Pero volvamos a la mañana en que dejó la oficina del comisionista, cuando aún, pese a sus sueños, nada le aseguraba que habría de convertirse en uno de los millonarios más populares que conoció el siglo XX. Es más, cuando ni siquiera vislumbraba que su nombre se convertiría en una marca. Junto a Gillette y Coca-cola, su nombre llegaría a ser el signo equivalente a “la fortuna”. ¿Qué hizo el joven Onassis ese día? Nada distinto, volvió al trabajo, aunque se propuso estar más alerta a las conversaciones. Durante varios días sus acciones siguieron siendo promesas. Pero antes que dejaran de serlo, lo despidieron del trabajo al sorprenderlo espiando las conversaciones. Sin otra cosa en los bolsillos que sus acciones, salió a buscar otro. Terminó por emplearse como lavacopas en una confitería, ya inexistente, de Corrientes y Talcahuano, con un nombre más que significativo, “La Real”. Allí trabó contacto con otro joven que trabajaba como mandadero en un negocio que vendía cacharros, César Tiempo, pero a quien hacía un lado en cuanto veía a entrar a la confitería a unos habitués que pertenecían al mundo del espectáculo. Onassis admiraba a uno de ellos desde que lo había oído cantar, lo fascinaba su figura. De tanto en tanto Carlos Gardel le regalaba algún comentario, y a veces alguna de sus sonrisas gardelianas. A menudo el joven lo seguía unos pasos atrás por la calle Corrientes sin que El Mudo se percatara. Fue en una madrugada en “La Real” cuando Onassis se mantuvo atento al recorrido que hizo el pocillo de café usado por Gardel desde el instante en que dejó la mesa para regresar a la cocina. Ya en sus manos, se ocupó de lavarlo rápido y lo escondió entre sus pertinencias para llevárselo de recuerdo.

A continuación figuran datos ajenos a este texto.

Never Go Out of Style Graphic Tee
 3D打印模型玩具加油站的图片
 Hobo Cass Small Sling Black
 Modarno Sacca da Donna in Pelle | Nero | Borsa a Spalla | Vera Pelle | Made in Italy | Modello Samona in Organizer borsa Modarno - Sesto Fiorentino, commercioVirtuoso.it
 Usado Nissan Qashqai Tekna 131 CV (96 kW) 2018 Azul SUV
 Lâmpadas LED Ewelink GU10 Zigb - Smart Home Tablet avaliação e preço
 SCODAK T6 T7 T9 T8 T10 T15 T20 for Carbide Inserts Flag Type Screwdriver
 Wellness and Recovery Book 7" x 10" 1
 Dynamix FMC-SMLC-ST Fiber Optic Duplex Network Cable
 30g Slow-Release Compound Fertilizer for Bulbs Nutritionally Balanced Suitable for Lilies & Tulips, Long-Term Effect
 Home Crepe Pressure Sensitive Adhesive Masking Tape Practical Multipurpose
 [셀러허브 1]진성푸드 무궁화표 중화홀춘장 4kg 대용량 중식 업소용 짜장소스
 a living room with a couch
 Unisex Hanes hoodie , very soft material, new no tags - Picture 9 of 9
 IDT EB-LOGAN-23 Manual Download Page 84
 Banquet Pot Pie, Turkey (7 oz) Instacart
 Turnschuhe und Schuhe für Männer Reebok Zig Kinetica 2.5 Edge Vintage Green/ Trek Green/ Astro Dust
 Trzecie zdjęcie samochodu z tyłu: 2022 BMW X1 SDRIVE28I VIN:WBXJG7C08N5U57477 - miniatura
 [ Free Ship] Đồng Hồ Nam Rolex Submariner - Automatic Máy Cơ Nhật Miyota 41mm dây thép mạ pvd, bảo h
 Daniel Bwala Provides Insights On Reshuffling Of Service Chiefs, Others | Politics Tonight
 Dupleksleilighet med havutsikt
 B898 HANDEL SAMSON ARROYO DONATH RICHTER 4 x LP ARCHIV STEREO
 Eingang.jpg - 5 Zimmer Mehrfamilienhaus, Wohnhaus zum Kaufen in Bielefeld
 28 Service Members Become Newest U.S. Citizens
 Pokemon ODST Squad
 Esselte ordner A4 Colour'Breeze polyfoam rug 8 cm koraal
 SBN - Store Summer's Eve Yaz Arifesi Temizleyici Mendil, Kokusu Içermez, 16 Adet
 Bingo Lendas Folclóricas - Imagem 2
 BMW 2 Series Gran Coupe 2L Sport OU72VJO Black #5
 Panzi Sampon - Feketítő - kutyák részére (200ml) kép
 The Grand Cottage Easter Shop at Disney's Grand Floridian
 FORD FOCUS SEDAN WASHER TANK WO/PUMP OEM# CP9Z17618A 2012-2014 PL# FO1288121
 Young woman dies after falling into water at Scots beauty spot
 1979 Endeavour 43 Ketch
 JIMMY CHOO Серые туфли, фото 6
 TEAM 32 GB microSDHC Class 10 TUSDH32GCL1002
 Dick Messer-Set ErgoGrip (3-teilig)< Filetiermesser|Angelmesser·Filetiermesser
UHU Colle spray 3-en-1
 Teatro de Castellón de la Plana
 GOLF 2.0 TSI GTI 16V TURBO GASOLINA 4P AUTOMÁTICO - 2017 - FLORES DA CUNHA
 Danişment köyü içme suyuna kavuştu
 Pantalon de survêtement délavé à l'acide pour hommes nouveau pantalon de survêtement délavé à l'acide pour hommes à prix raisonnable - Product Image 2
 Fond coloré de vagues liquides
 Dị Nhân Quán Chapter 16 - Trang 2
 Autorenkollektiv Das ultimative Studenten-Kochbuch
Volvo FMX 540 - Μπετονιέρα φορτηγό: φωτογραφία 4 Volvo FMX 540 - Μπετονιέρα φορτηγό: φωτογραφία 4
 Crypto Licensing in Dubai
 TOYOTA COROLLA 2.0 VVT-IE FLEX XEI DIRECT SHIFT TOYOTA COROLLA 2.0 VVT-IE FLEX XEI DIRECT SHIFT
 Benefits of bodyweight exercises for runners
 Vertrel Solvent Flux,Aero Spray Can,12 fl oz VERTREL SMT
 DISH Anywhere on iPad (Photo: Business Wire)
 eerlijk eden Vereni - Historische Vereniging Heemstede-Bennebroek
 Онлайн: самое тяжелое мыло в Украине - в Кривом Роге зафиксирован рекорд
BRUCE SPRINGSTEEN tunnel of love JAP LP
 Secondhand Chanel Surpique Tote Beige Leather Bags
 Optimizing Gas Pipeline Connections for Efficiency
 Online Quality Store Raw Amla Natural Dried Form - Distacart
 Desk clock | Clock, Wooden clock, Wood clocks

Mucho después, ya a sus 34 años, Onassis adquirió su primer barco petrolero y no tardó en convertirse en “El griego de Oro”. Vivió un gran amor con María Callas con quien se casó, en 1959, y nueve años después se divorció para unirse a Jaqueline Kennedy. Dicen que hasta el día de su muerte, en 1975, siempre había un momento en que Onassis se veía obligado a explicar la historia de un pocillo y un plato que atesoraba entre sus más preciadas pertenencias.